僕も一応男なんで、お姫様抱っこだなんて思いたくない。背中と膝裏に通された腕で運ばれているのは心許なくて重心を内側に寄せる。綿貫だ。どうやらこの身は奴の胸板に重心を預けているらしい。こんなことに筋肉の無駄遣いしやがって。
……あ、この感じ、知ってる。いつだっけ、ついこの間なんだけど。えーっとえーっと。
ああ、四月に湯あたりした時?
源泉掛け流しが嬉しくて、調子に乗って長湯し、そのまま意識を失った。
今だから笑い話に出来るけど、誰も気づかなかったらと思うとゾッとする。
あの時は周りも大騒ぎで、僕の異変に気付いて適切な手当てをしてくれた人が誰だったのか、名前を聞き損ねたままだ。

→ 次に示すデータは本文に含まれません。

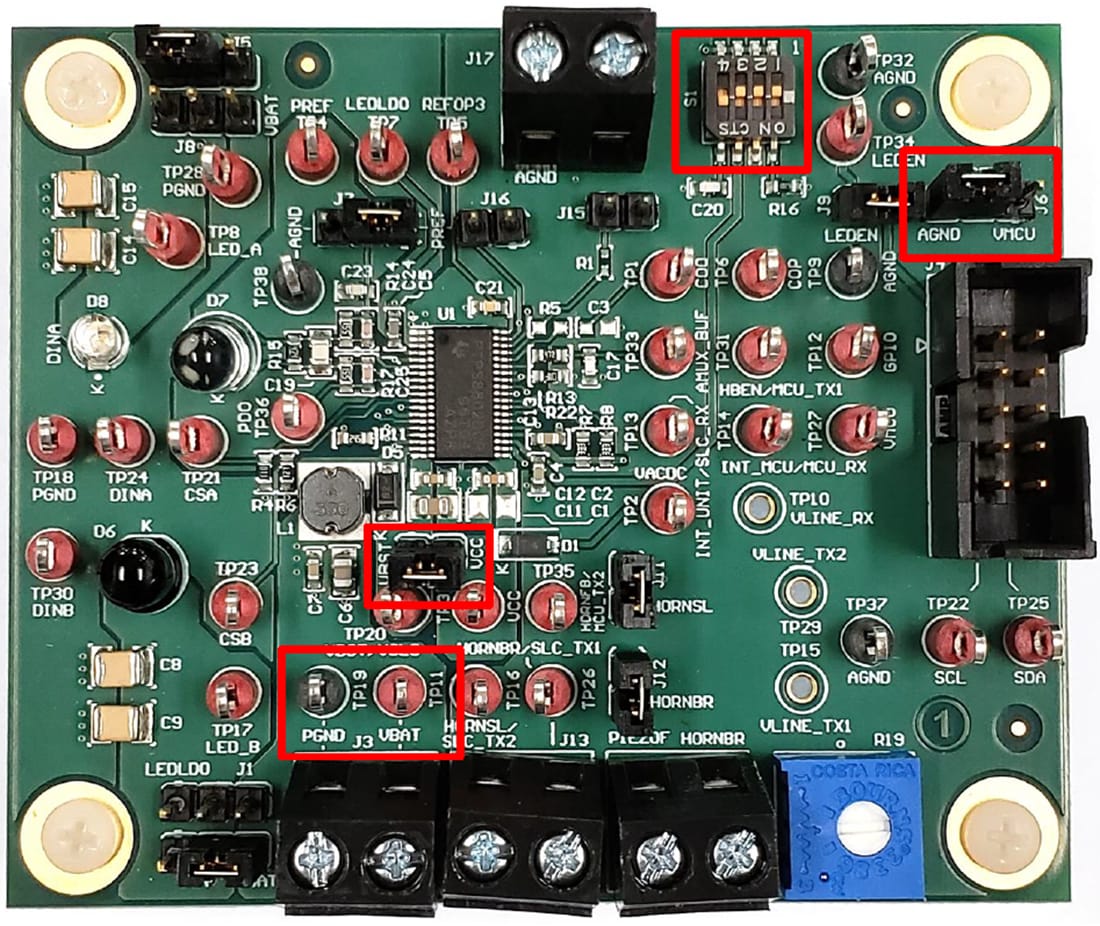 차트 - Texas Instruments TPS8802EVM 연기/CO 경보 EVM(평가 모듈)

あれって綿貫だったんじゃないか? 聞いてみたいのに、眠りの沼地は僕に体の自由を返す気はないようだ。
。 。 。 。 。 。
目が覚めると、自分のではないタオルケットが掛けられていた。
見知った景色。ここは……綿貫の部屋。
「あ、起きたか」
海の方から打ち上げ花火の音が聞こえた。